A diagnostic approach combining advanced optical imaging with a deep learning artificial intelligence algorithm was demonstrated in a new study published in Nature Medicine to generate an accurate real time intraoperative diagnosis of brain tumors.
Through deep machine learning this study compared the diagnostic accuracy of stimulated Raman histology brain tumor image classification with the pathologist interpretation of conventional histologic images.

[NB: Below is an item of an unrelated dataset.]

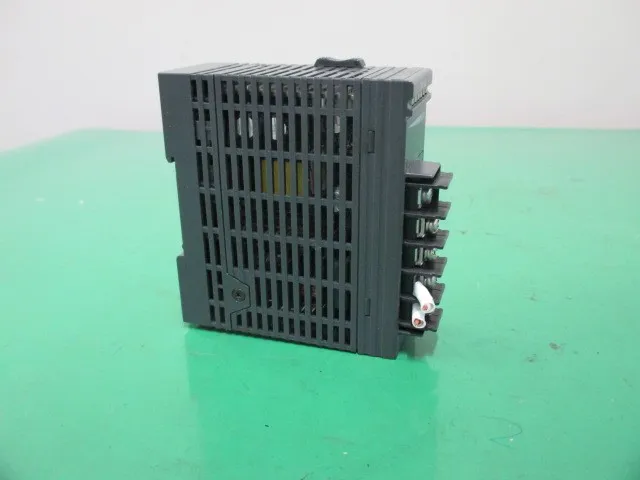 Keyence KV-U7 시퀀서(PLC) 상세 이미지 - ASKINDEX 코리아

Results indicated diagnosis using this novel AI approach was 94.6% accurate with pathologist based interpretation being 93.9% accurate, the new system demonstrated precise diagnostic capacity which may beneficial alongside or to centers without access to neuropathologists.

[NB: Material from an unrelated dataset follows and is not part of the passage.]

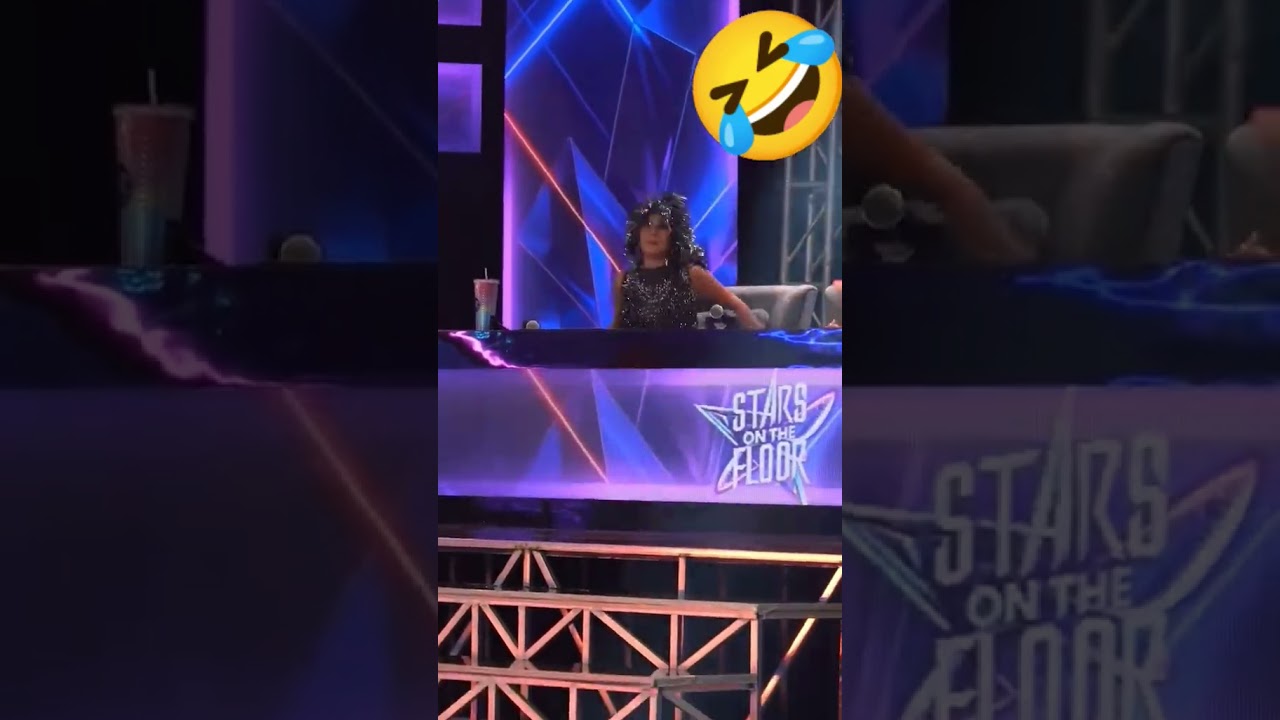 Galing galing talaga itong si Pokwang, iba siya sa sayawan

“As surgeons, we’re limited to acting on what we can see; this technology allows us to see what would otherwise be invisible, to improve speed and accuracy in the OR, and reduce the risk of misdiagnosis,” said senior author Daniel A. Orringer, MD, associate professor of neurosurgery at NYU Grossman School of Medicine, who helped develop SRH and who co-led the study with colleagues at the University of Michigan. “With this imaging technology, cancer operations are safer and more effective than ever before.”

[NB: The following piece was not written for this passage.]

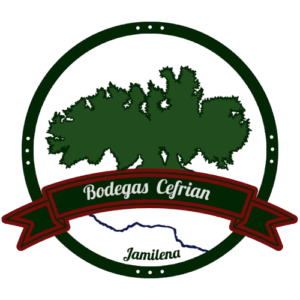 Logo de Bodegas Cefrián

Around 15.2 million people around the globe are diagnosed with cancer every year, among them some 80% will undergo surgery and in many cases part of the tumor will be analyzed during surgery to help provided preliminary diagnosis. In America over 1.1 million biopsy samples are taken every year to be interpreted by pathologists, which is based on hematoxylin and eosin staining of processed tissue, time, resources, and labor, according to the authors.
“The conventional workflow for intraoperative histology, dating back over a century, necessitates tissue transport to a laboratory, specimen processing, slide preparation by highly trained technicians, and interpretation by a pathologist, with each step representing a potential barrier to delivering timely and effective surgical care,” they wrote.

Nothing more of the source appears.